> **What you have to do**: Begin at the line that contains "В новых накопителях" and reproduce it along with every line after it to the end of the listing; skip any pictures.

> **Data segment**:

_ _ _ _ _

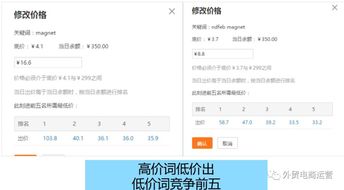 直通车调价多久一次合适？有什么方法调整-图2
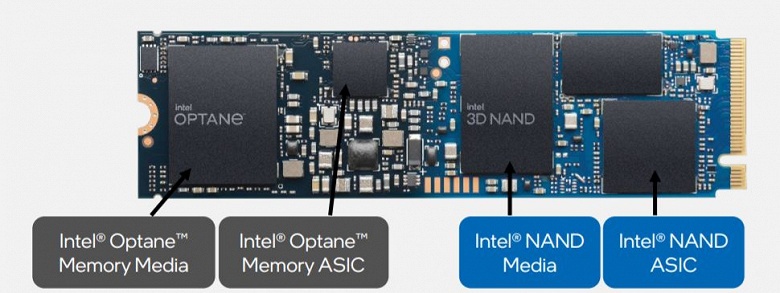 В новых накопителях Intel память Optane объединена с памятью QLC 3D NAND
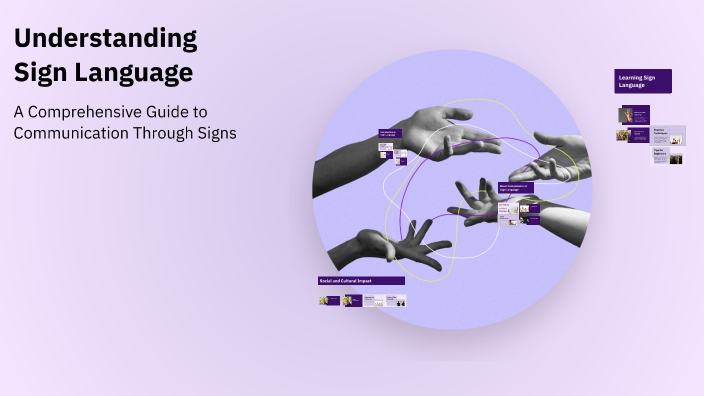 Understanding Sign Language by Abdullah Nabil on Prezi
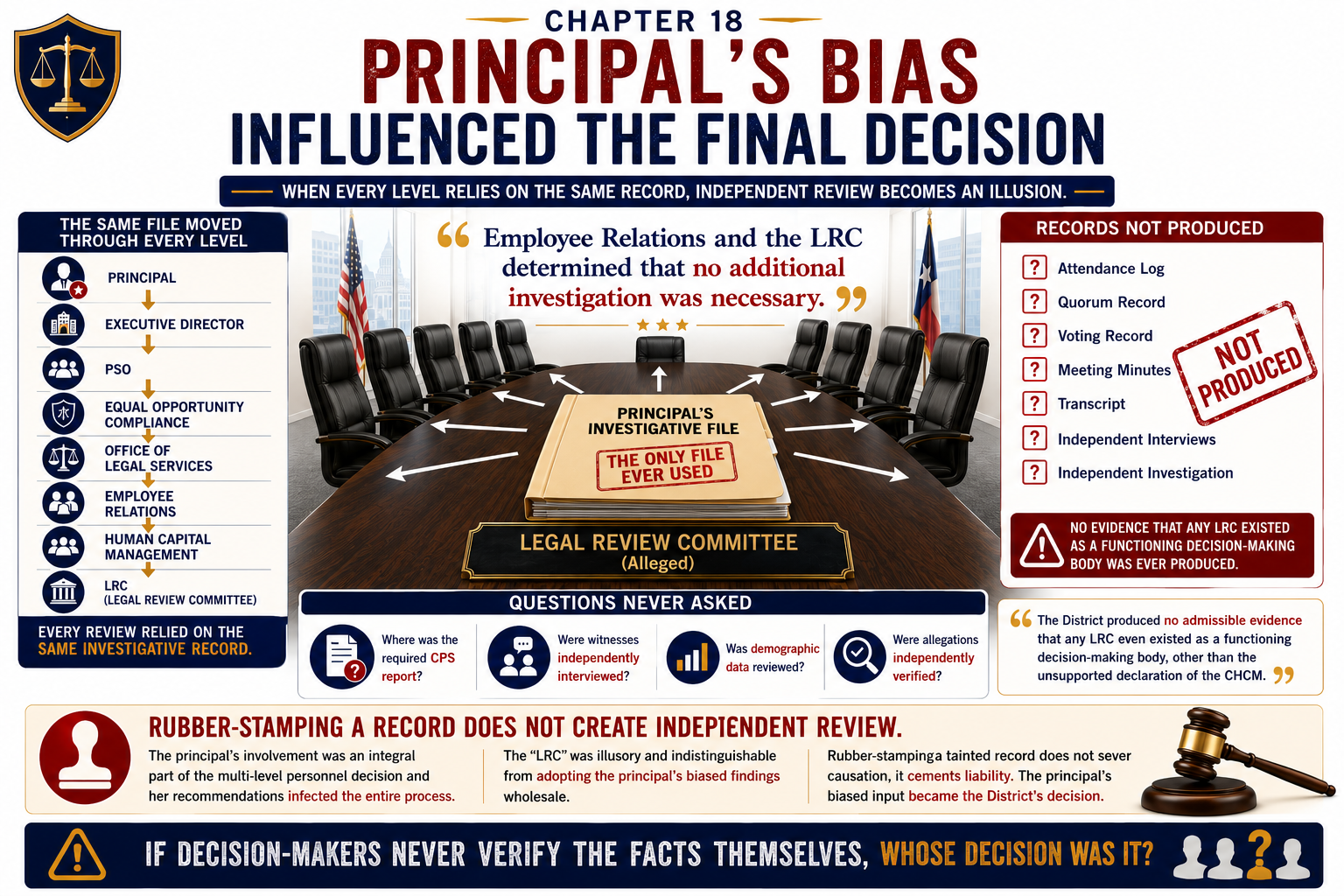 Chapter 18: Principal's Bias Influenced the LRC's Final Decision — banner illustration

_ _ _ _ _

> **Exercise result**:
 В новых накопителях Intel память Optane объединена с памятью QLC 3D NAND
 Understanding Sign Language by Abdullah Nabil on Prezi
 Chapter 18: Principal's Bias Influenced the LRC's Final Decision — banner illustration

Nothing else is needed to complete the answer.